_TASK PROMPT_. Transcribe the lines below verbatim, skipping the images.

_THE DATA_.
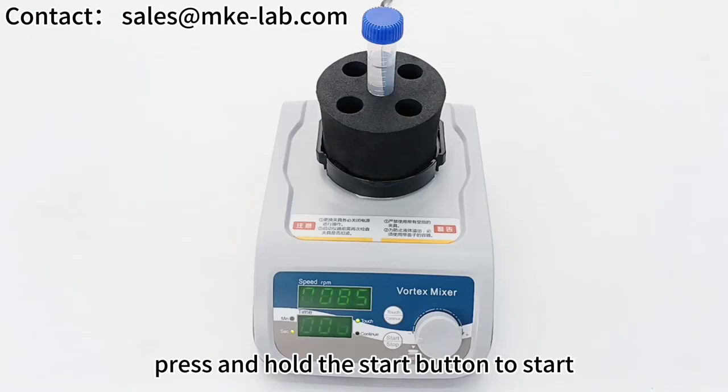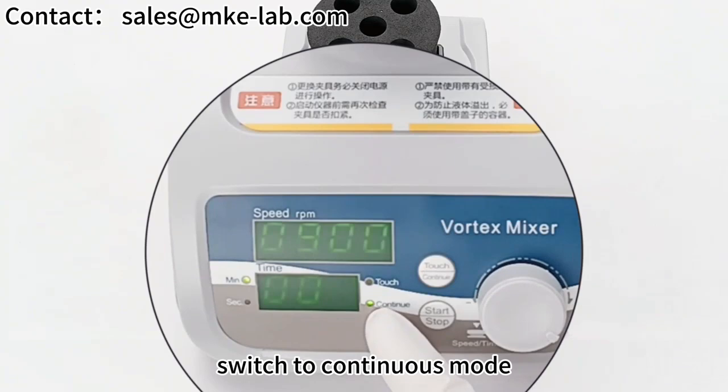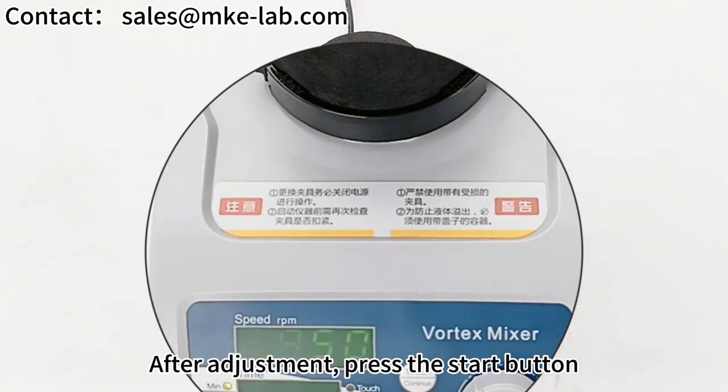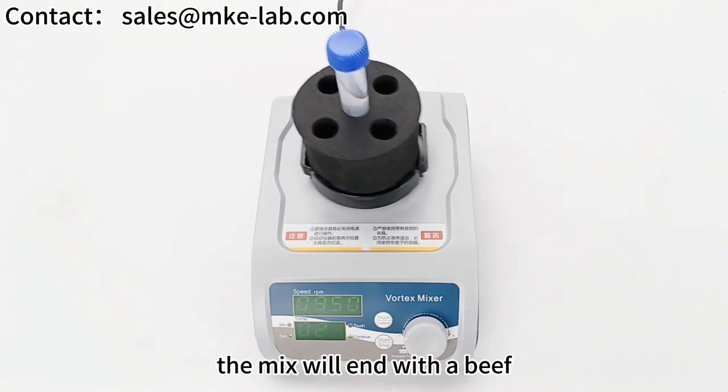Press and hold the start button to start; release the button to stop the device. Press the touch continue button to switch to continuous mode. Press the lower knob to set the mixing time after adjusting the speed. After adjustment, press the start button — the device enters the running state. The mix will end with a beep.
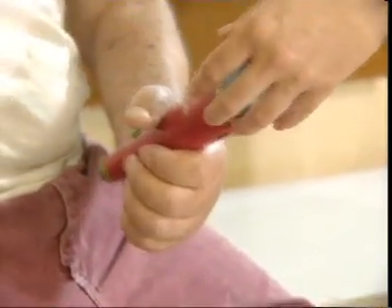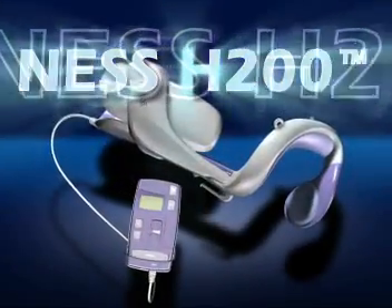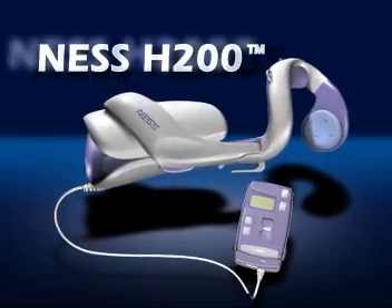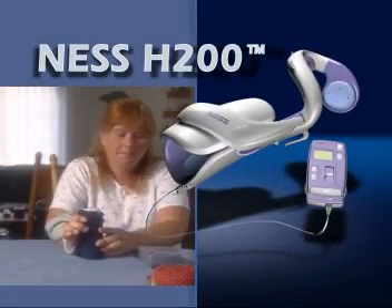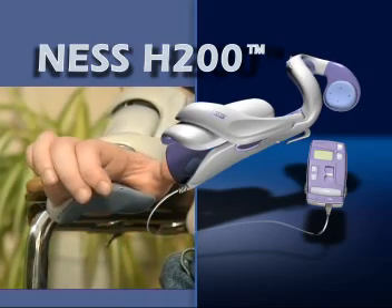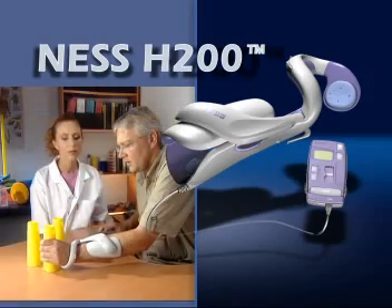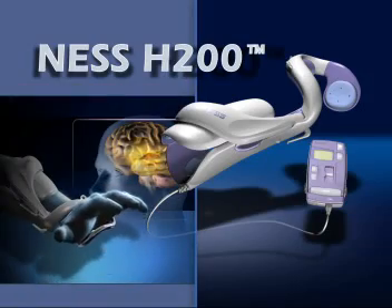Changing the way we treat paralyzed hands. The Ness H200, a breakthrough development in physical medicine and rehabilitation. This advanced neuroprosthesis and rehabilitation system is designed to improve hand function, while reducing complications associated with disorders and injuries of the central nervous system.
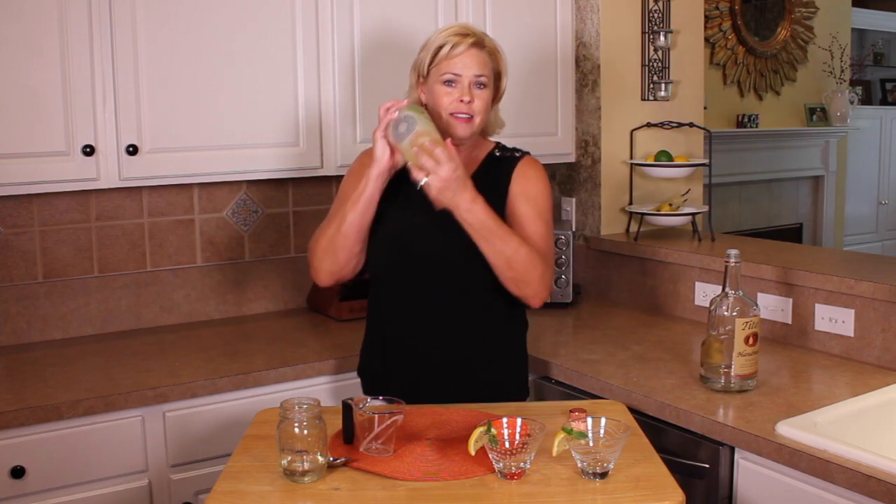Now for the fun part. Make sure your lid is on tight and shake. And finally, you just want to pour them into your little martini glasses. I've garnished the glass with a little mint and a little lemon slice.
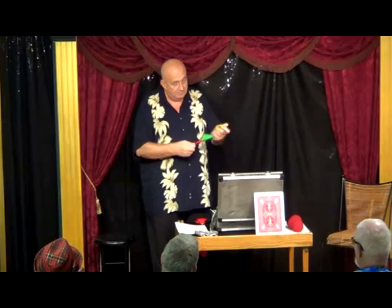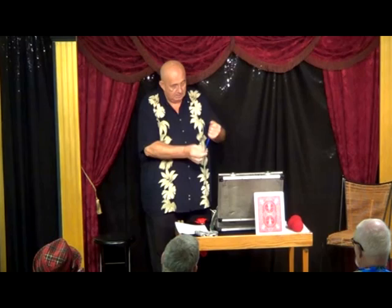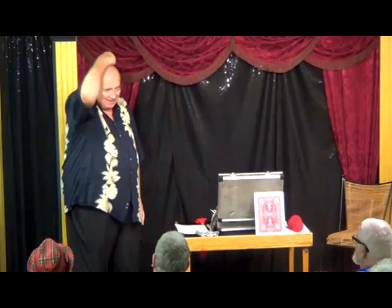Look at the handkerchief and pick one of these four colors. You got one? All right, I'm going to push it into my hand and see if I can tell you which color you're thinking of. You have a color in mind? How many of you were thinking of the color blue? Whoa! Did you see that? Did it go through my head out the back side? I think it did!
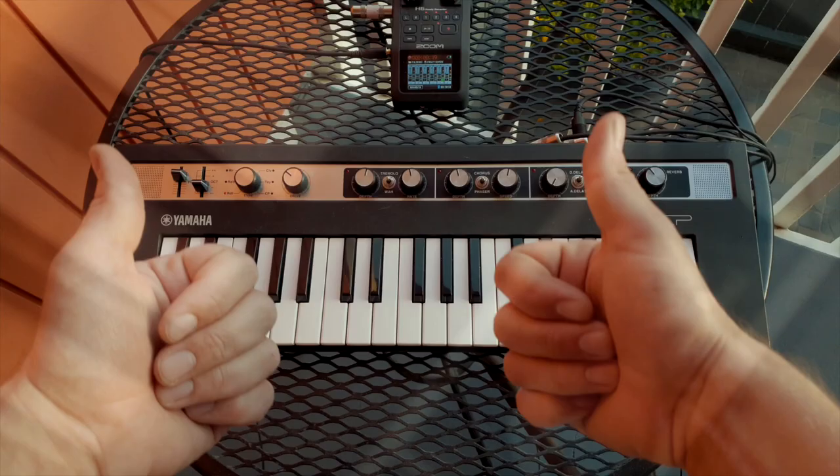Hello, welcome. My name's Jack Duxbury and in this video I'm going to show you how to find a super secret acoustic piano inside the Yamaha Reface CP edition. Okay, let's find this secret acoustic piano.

_EXERCISE RESULT_.
Press and hold the start button to start; release the button to stop the device. Press the touch continue button to switch to continuous mode. Press the lower knob to set the mixing time after adjusting the speed. After adjustment, press the start button — the device enters the running state. The mix will end with a beep.
Changing the way we treat paralyzed hands. The Ness H200, a breakthrough development in physical medicine and rehabilitation. This advanced neuroprosthesis and rehabilitation system is designed to improve hand function, while reducing complications associated with disorders and injuries of the central nervous system.
Now for the fun part. Make sure your lid is on tight and shake. And finally, you just want to pour them into your little martini glasses. I've garnished the glass with a little mint and a little lemon slice.
Look at the handkerchief and pick one of these four colors. You got one? All right, I'm going to push it into my hand and see if I can tell you which color you're thinking of. You have a color in mind? How many of you were thinking of the color blue? Whoa! Did you see that? Did it go through my head out the back side? I think it did!
Hello, welcome. My name's Jack Duxbury and in this video I'm going to show you how to find a super secret acoustic piano inside the Yamaha Reface CP edition. Okay, let's find this secret acoustic piano.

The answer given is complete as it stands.